“Are there no prisons?” asked Scrooge.
“Plenty of prisons,” said the gentleman, laying down the pen again.
“And the Union workhouses?” demanded Scrooge. “Are they still in operation?”
“They are. Still,” returned the gentleman, “I wish I could say they were not.”
“The Treadmill and the Poor Law are in full vigour, then?” said Scrooge.
“Both very busy, sir.”
“Oh! I was afraid, from what you said at first, that something had occurred to stop them in their useful course,” said Scrooge. “I’m very glad to hear it.”
“Under the impression that they scarcely furnish Christian cheer of mind or body to the multitude,” returned the gentleman, “a few of us are endeavouring to raise a fund to buy the Poor some meat and drink, and means of warmth.

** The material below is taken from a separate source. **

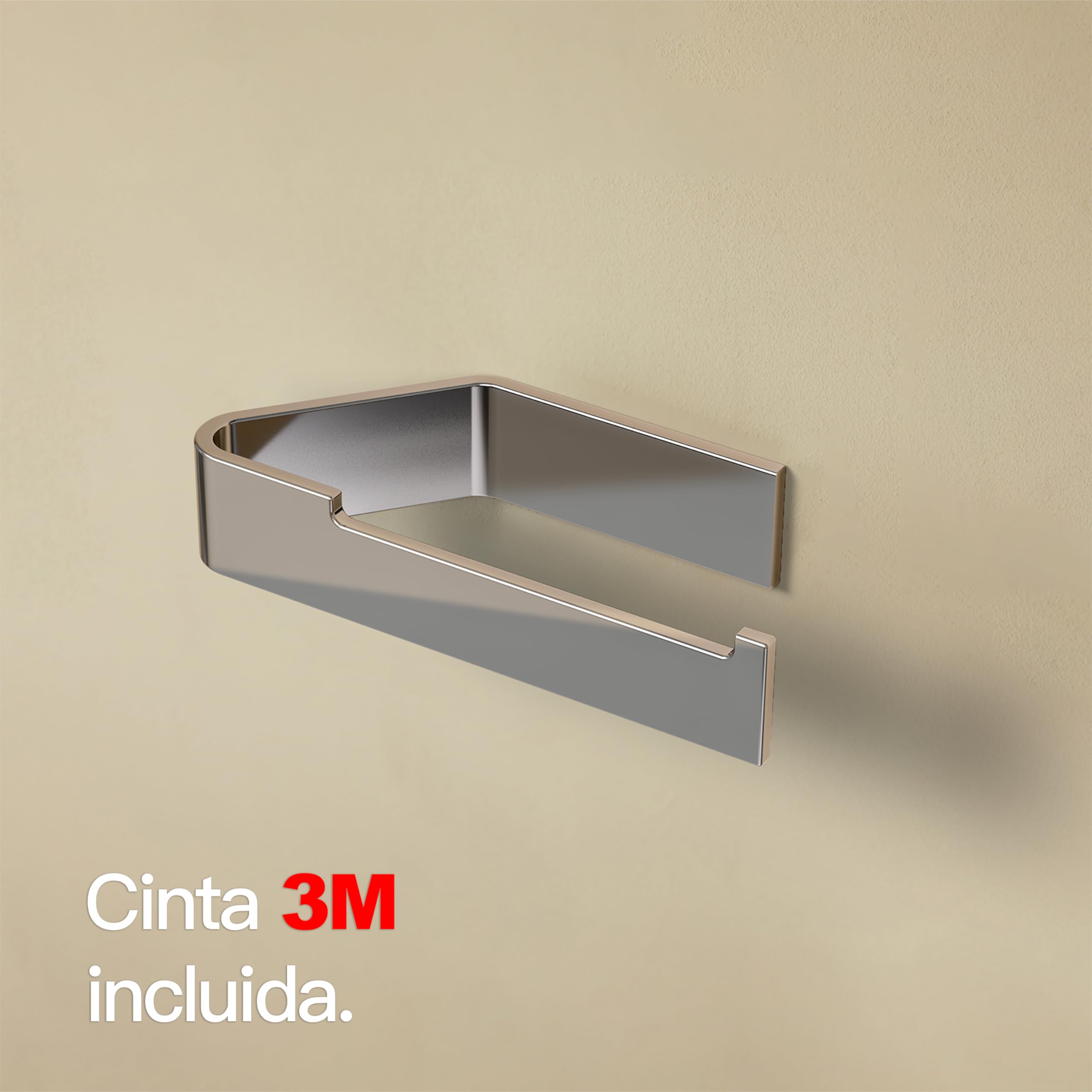 Designfabrik Hamburg Portarotolo Carta Igienica I Moderno Porta Carta Igienica Adesivo I Accessori Bagno Senza Forare (Cromo, senza Ripiano)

We choose this time, because it is a time, of all others, when Want is keenly felt, and Abundance rejoices. What shall I put you down for?”

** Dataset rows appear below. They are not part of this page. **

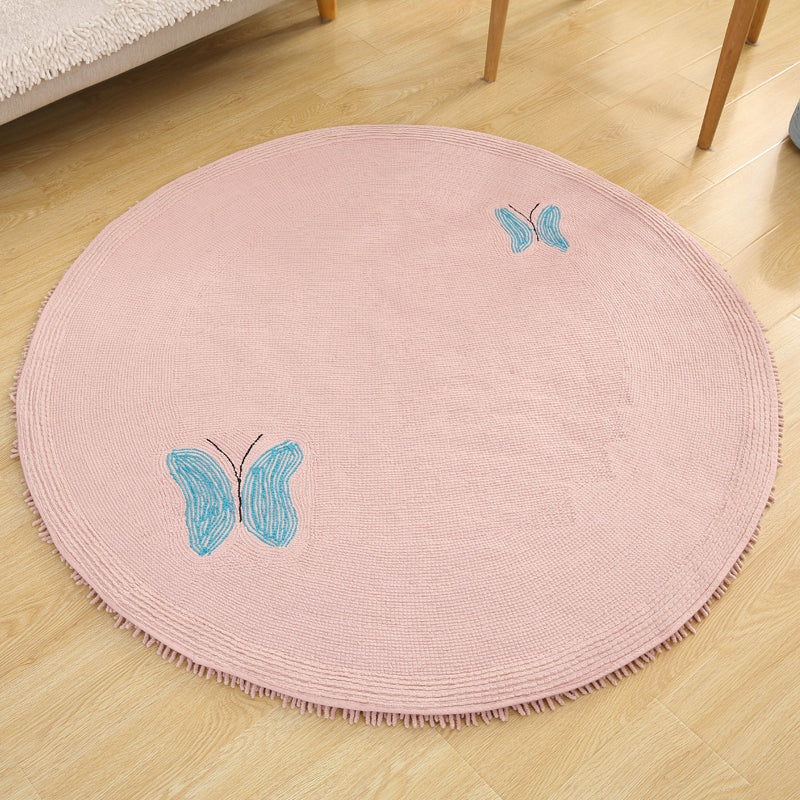 Cute Cartoon Print Rug Multi Colored Cotton Indoor Rug Non-Slip Backing Stain-Resistant Area Carpet with Tassel for Room Clearhalo 'Area Rug' 'Rug' 2335064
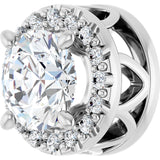 14K White 5/8 CTW Lab-Grown Diamond Halo-Style Pendant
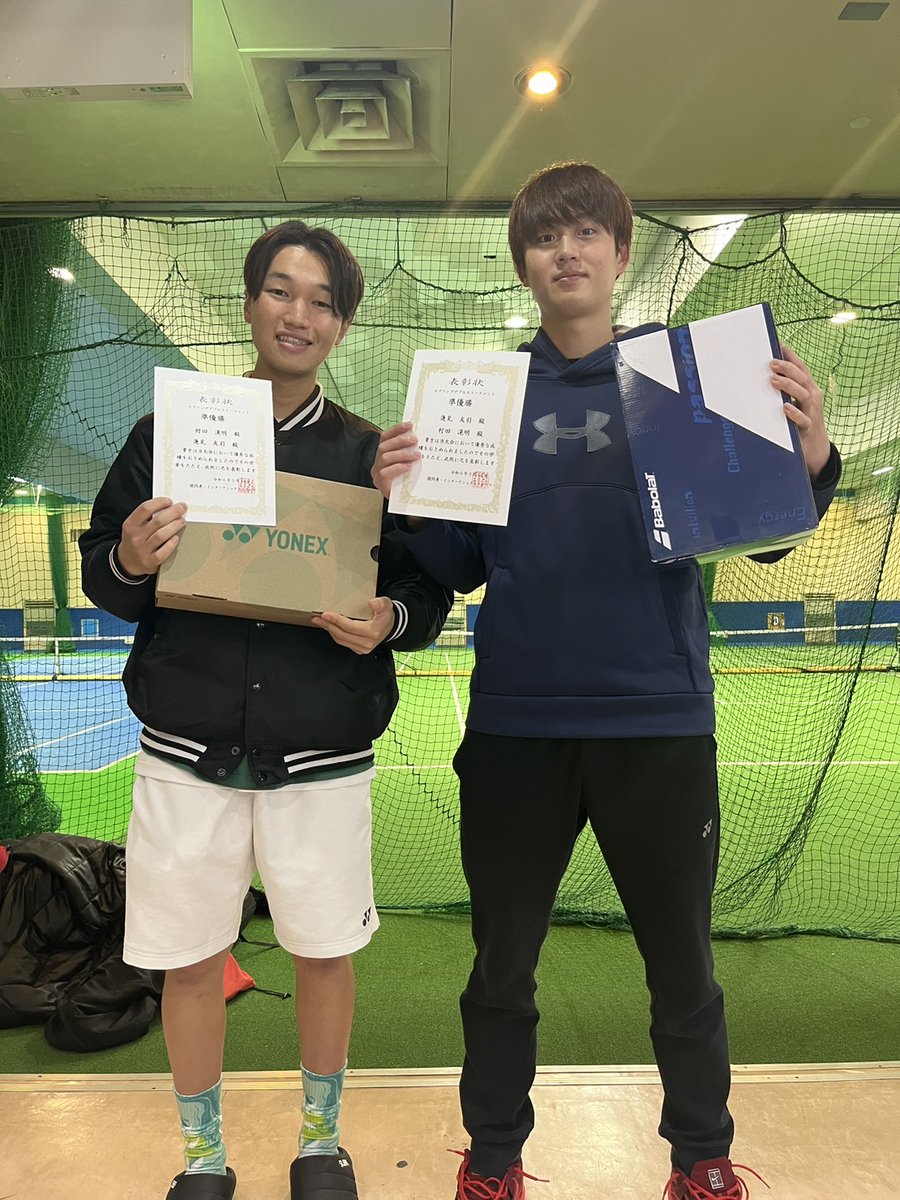 ISTENNIS's tweet photo. 今日は関同連☓ISコラボスプリングダブルスでした!
ハイレベルな試合ばかりで見応えありましたよ👍
ラケット抽選会も盛り上がりましたね🤩

試合結果
優勝　丸岡草太、光谷孝文
準優勝　蓮見友羽、村田滉明
３位　北村優多、畑来晴
４位　伊藤将臣、村上慶

おめでとうございます🎊 https://t.co/nOEPMywwHu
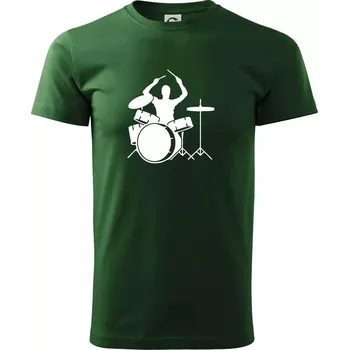 Pánské tričko Bicí bubeník - Triko extra velké (5-8XL) - 8XL ( Lahvově zelená )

“Nothing!” Scrooge replied.
“You wish to be anonymous?”
“I wish to be left alone,” said Scrooge. “Since you ask me what I wish, gentlemen, that is my answer. I don’t make merry myself at Christmas and I can’t afford to make idle people merry. I help to support the establishments I have mentioned: they cost enough: and those who are badly off must go there.”
“Many can’t go there; and many would rather die.”

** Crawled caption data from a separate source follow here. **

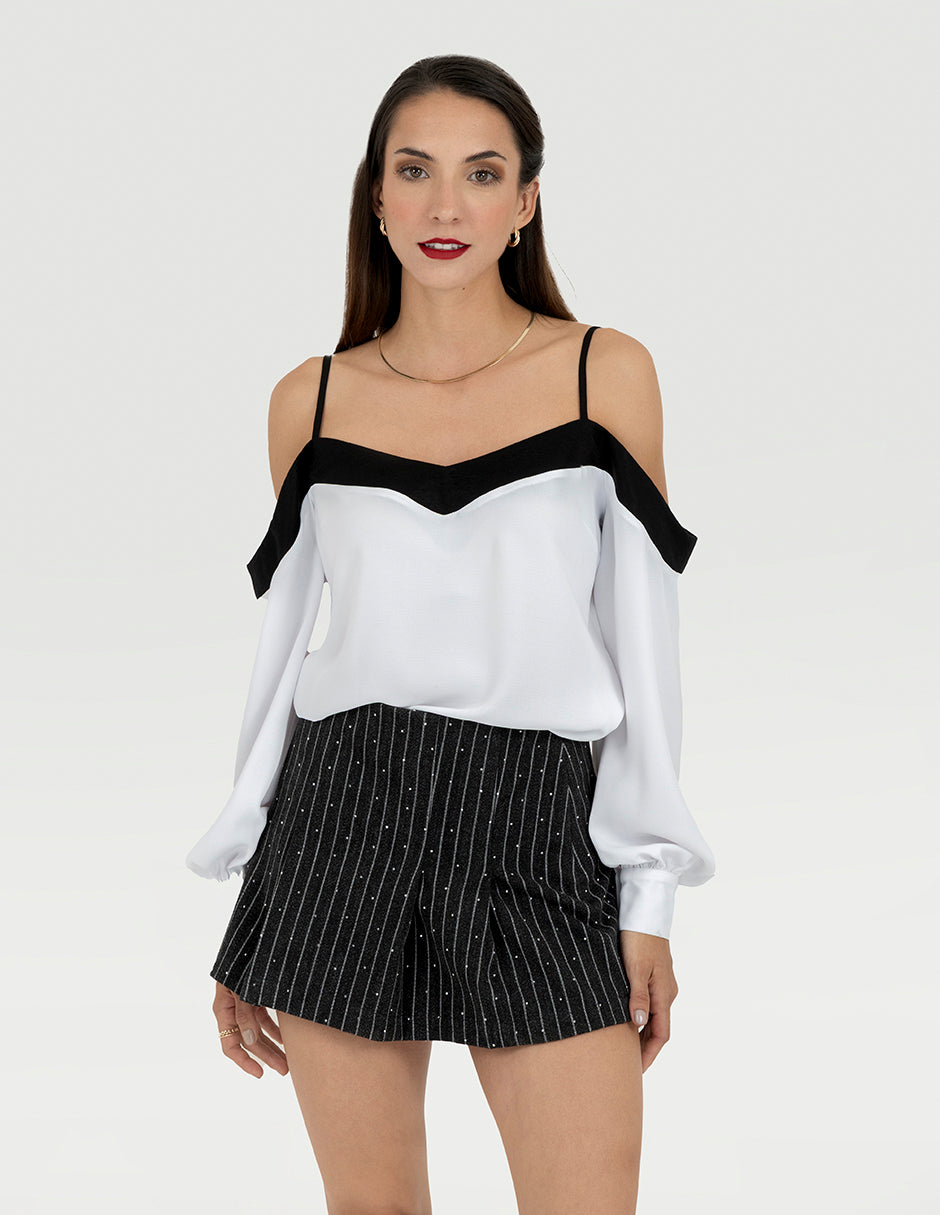 Blusa de tirantes bicolor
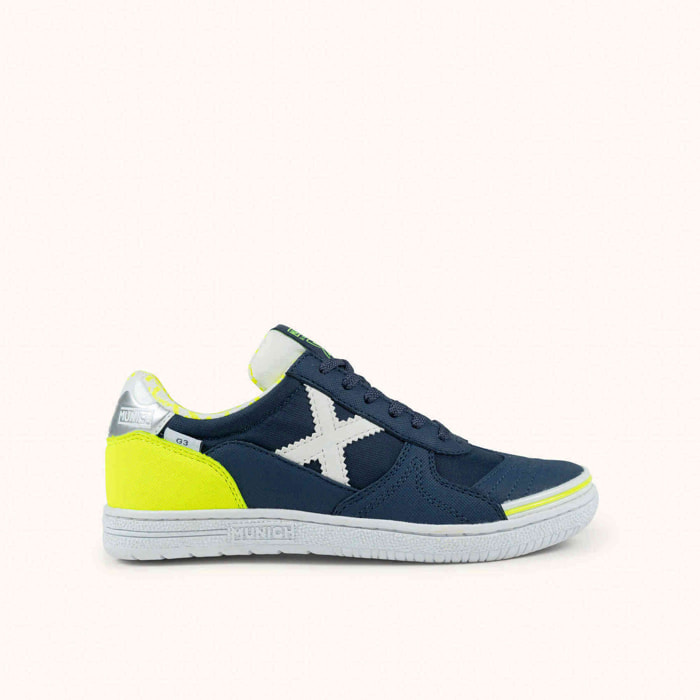 MUNICH G-3 KID 459 Zapatilla de Fútbol Sala Infantil Azul Marino y Amarillo Flúor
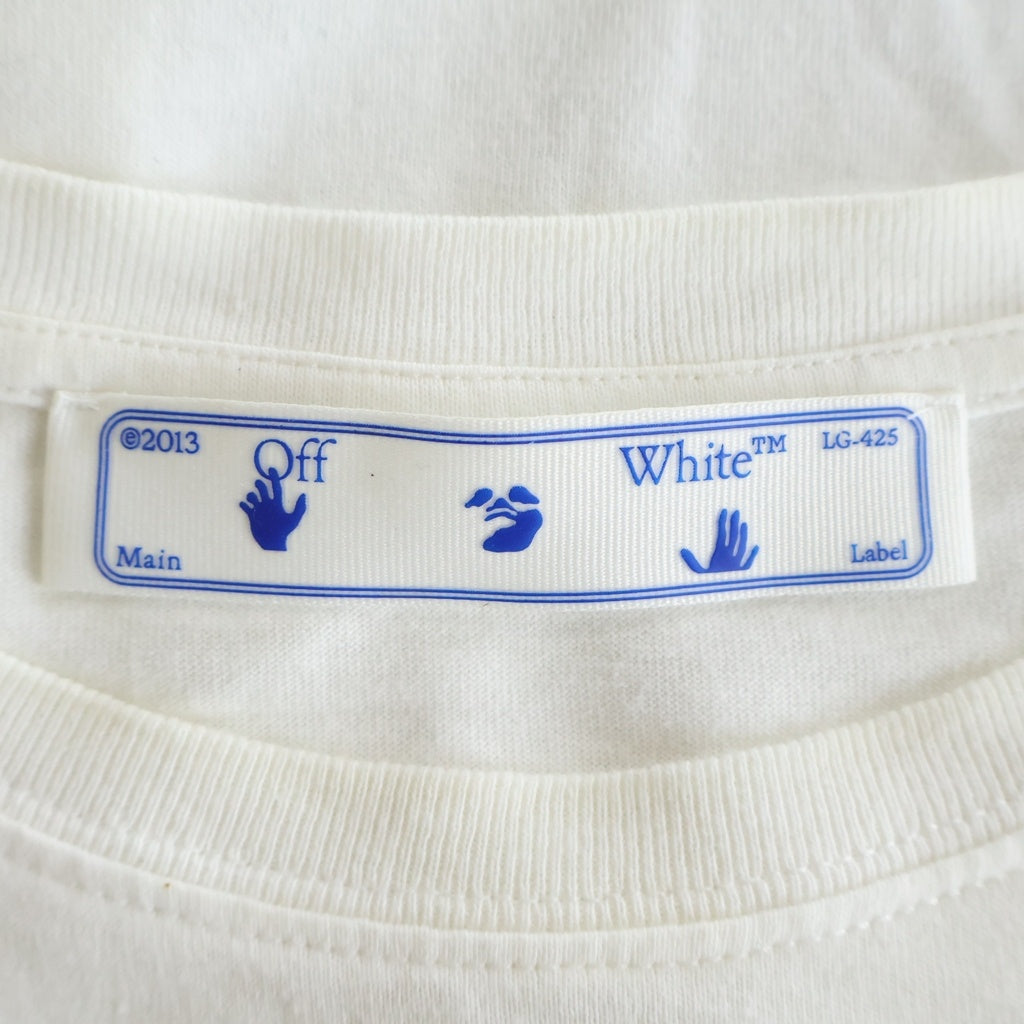 OFF-WHITE(オフホワイト) CARAVANGGIO PAINTING L/S TEE OMAB001F21JER004 カラヴァッジオ ペインティング フロントロゴプリント クルーネック長袖Tシャツカットソー ロンT ホワイト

“If they would rather die,” said Scrooge, “they had better do it, and decrease the surplus population.”
Just a reminder that this is what this guy is defending.
Also apparently, Scrooge was written by Dickens as a reflection of the abuse him and his poverty-stricken parents suffered. His parents couldn't afford their debt, so they were put into a workhouse (basically a slave labour prison for life) while Dickens, as a child, had to work in a rat-infested shoe factory making barely enough to eat.
So yeah, fuck that article.
The extreme moral bias against the poor in industrial England was extremely similar to the neolib’s rag against the “dregs of society”. The liberal’s answer to the many complex economic problems of the last century was to just regress intellectually by about 150 years.
He argues that Scrooge was good for the economy because he was creating wealth. He wasn't! He didn't spend anything! He just wanted money for money's sake, not to spend it on things. When he died, people are shocked at how awful his living conditions were, because he refused to spend anything he didn't have to. Scrooge contributed nothing to the economy until he got ghosted.
Cast this take back into the flames of hell from whence it came
Put this thing back where it came from or so help me
"In defense of Hitler, whose expedience cleansed the world"
Virgin 20% life expectancy increase in Victorian England vs Chad 100% life expectancy increase in communist China
They must be running a competition to see who can publish the most brain melting take
I was going to post this but I didn't get around to read it but thought, "no way someone is going to stan for Scrooge right? Has to be a joke."